Para o ministro, qualquer violação a esse princípio atinge diretamente a soberania, a ordem pública e a segurança jurídica do país. “Transações, operações, bloqueios de ativos ou contratos determinados por outro Estado dependem de expressa autorização desta Corte”, escreveu. O efeito da decisão é vinculante, ou seja, deve ser seguido em casos semelhantes.

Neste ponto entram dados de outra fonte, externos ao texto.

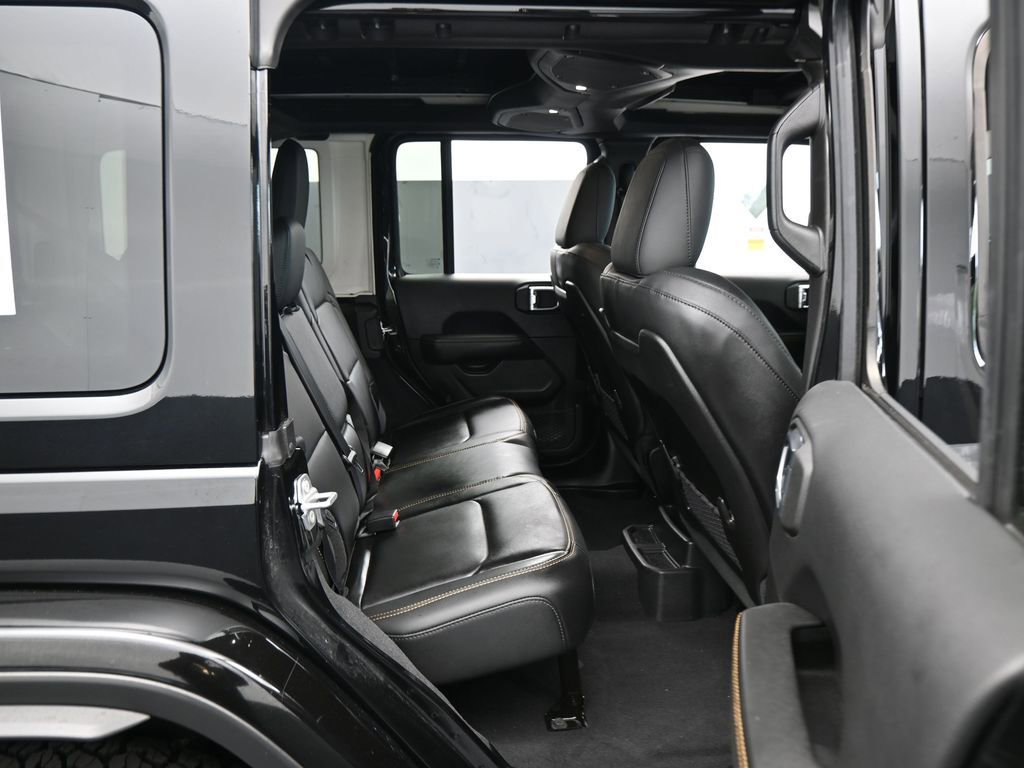 Used 2025 Jeep Wrangler Unlimited Rubicon 392 image 35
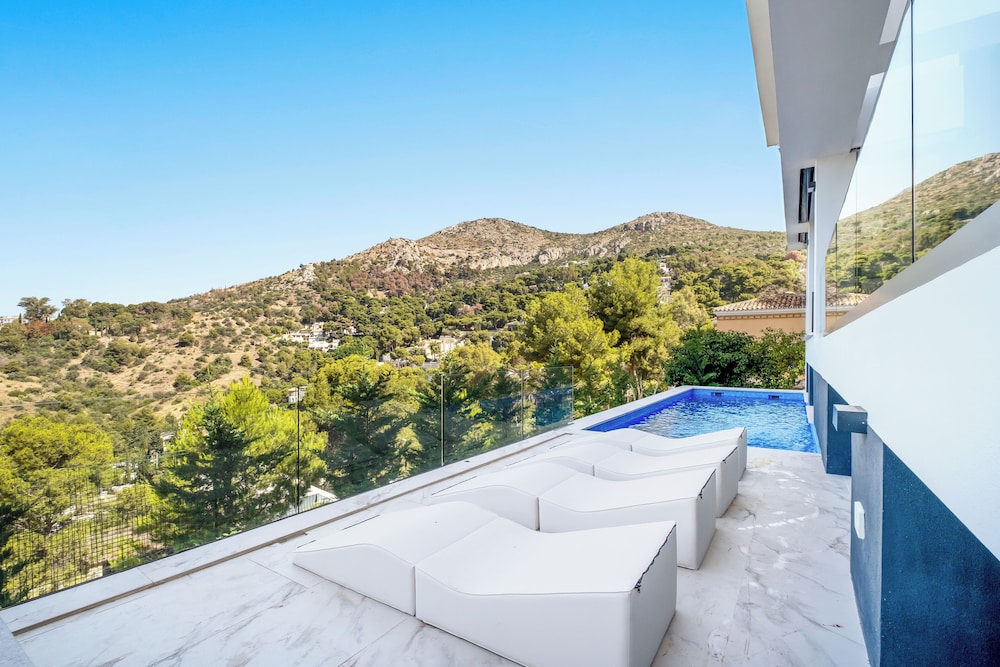 Villas Pinares de San Antón, Saltwater pool, Sea, City, Mountain Views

O alcance, porém, vai além do processo específico. Na prática, o entendimento abre caminho para que o ministro Alexandre de Moraes questione no próprio STF as sanções aplicadas a ele pelo governo de Donald Trump, no mês passado, com base na chamada Lei Magnitsky. Essa legislação, tradicionalmente usada contra violadores de direitos humanos, prevê bloqueio de contas bancárias e bens em solo americano, e foi utilizada contra Moraes em meio às pressões externas por anistia ao ex-presidente Jair Bolsonaro.
Sem citar nomes diretamente, Dino disse que “diferentes tipos de protecionismo e de neocolonialismo” vêm sendo usados contra países mais frágeis, sem diálogo bilateral adequado ou submissão a instâncias internacionais reconhecidas. Para ele, o Brasil tem sido alvo de “sanções e ameaças” que tentam impor decisões a serem apenas “ratificadas” pelas instituições nacionais.
Com o novo entendimento, qualquer cidadão brasileiro que se sentir prejudicado por medidas derivadas de atos estrangeiros poderá recorrer ao STF ou à Justiça brasileira. A decisão, segundo Dino, busca “afastar graves e atuais ameaças à segurança jurídica em território pátrio”.